* What the exercise asks *
Please reproduce the lines of the records below from the one holding "Pink Aotearoa Horse" through the one holding "6-Drawer Kids Dresser", inclusive, skipping all pictures.

* Input data *
- - - - - - -
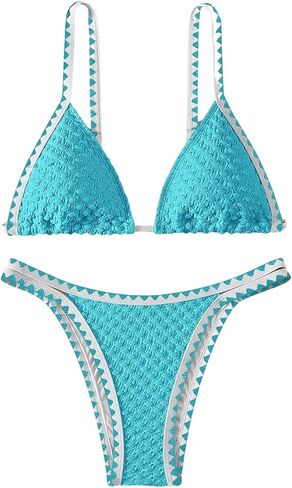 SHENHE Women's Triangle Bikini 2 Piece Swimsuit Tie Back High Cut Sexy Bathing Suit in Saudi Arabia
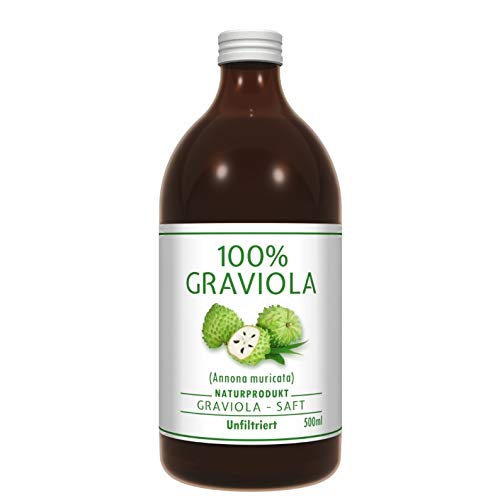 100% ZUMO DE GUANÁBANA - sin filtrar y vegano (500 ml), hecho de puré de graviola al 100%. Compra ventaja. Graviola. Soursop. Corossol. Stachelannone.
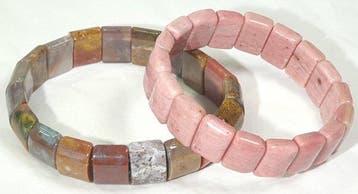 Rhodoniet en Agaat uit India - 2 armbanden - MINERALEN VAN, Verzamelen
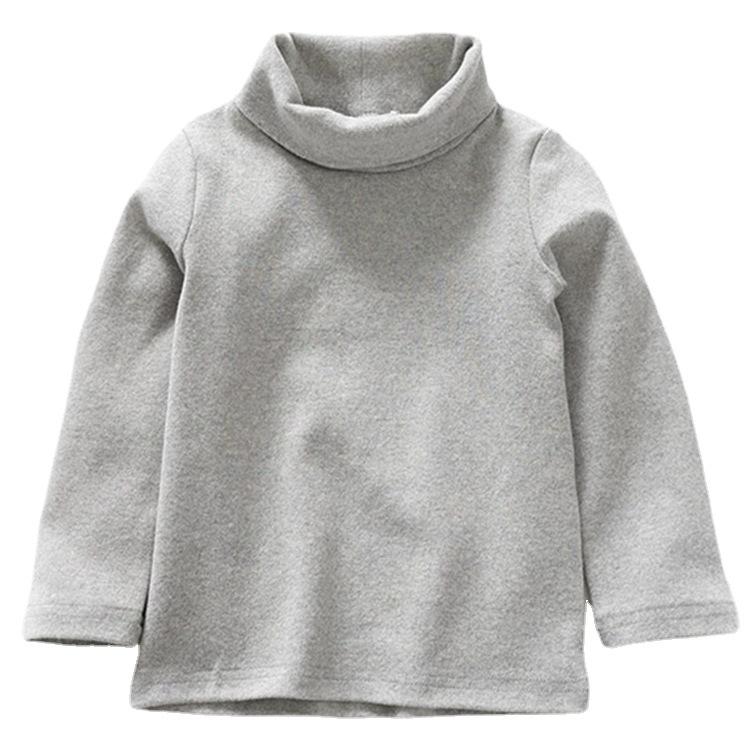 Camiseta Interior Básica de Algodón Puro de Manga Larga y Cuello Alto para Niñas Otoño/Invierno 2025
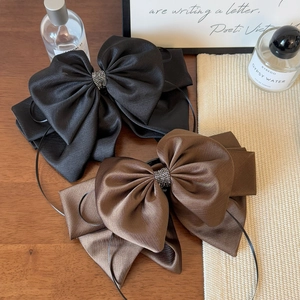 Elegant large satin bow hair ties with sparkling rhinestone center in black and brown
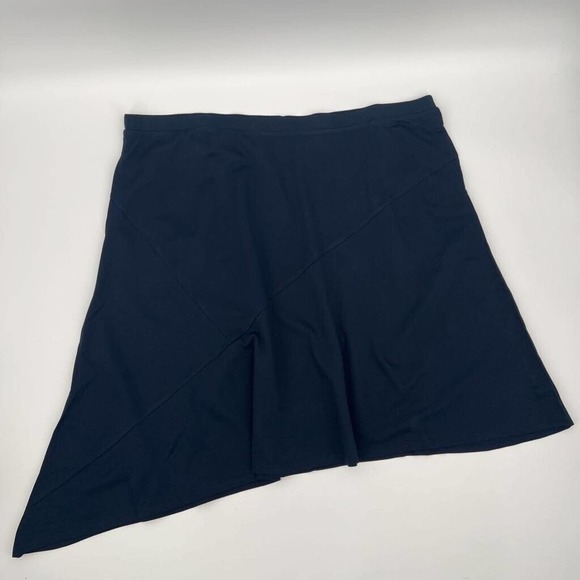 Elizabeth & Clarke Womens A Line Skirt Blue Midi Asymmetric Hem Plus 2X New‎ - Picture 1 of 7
- - - - - - -
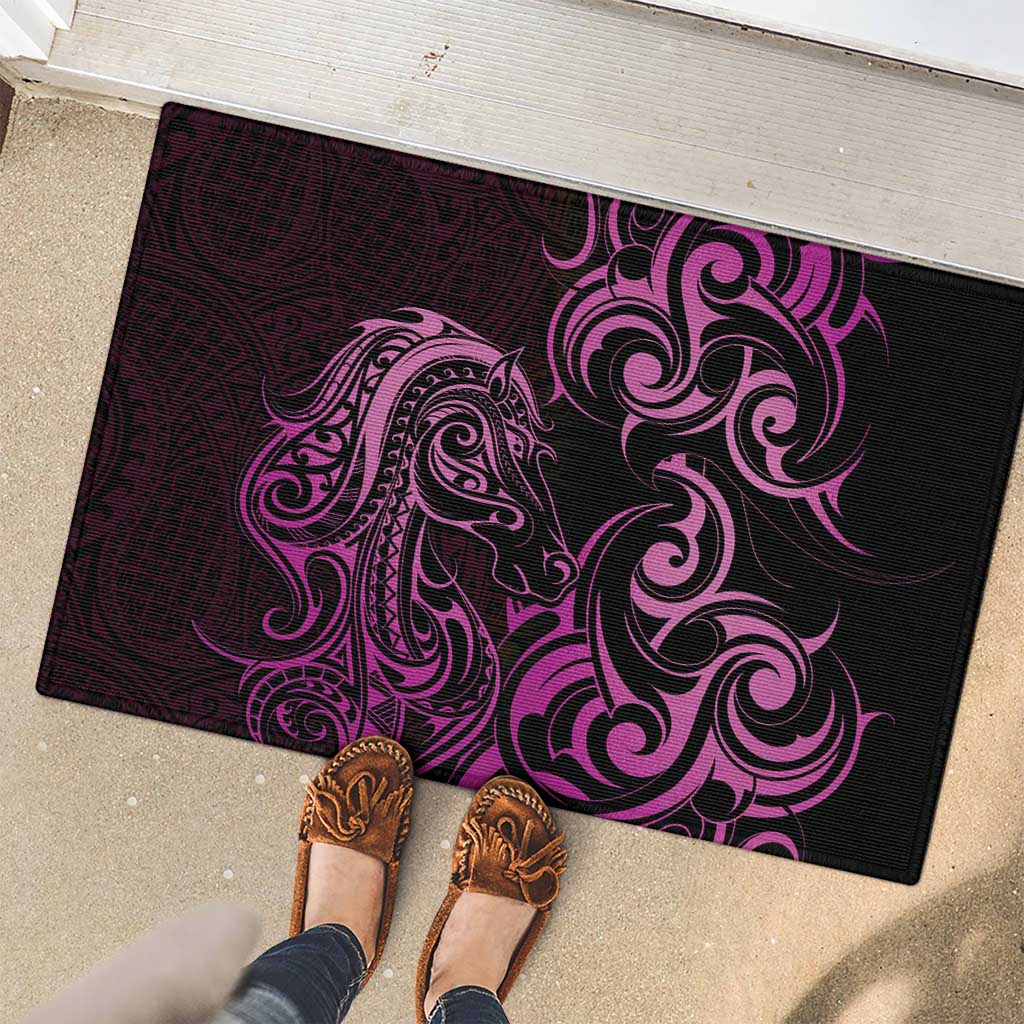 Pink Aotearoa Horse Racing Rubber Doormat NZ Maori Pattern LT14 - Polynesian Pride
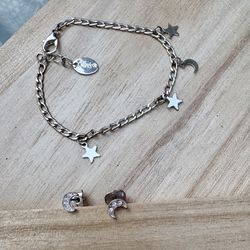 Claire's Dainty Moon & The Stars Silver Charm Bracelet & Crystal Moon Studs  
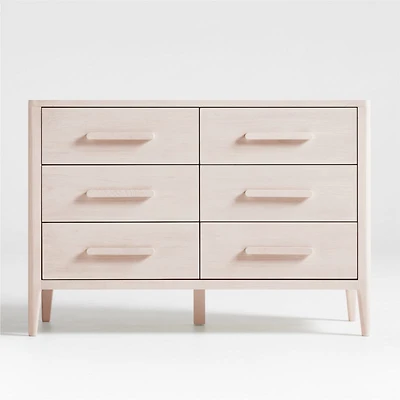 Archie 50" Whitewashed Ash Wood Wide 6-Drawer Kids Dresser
- - - - - - -
* Written response *
 Pink Aotearoa Horse Racing Rubber Doormat NZ Maori Pattern LT14 - Polynesian Pride
 Claire's Dainty Moon & The Stars Silver Charm Bracelet & Crystal Moon Studs  
 Archie 50" Whitewashed Ash Wood Wide 6-Drawer Kids Dresser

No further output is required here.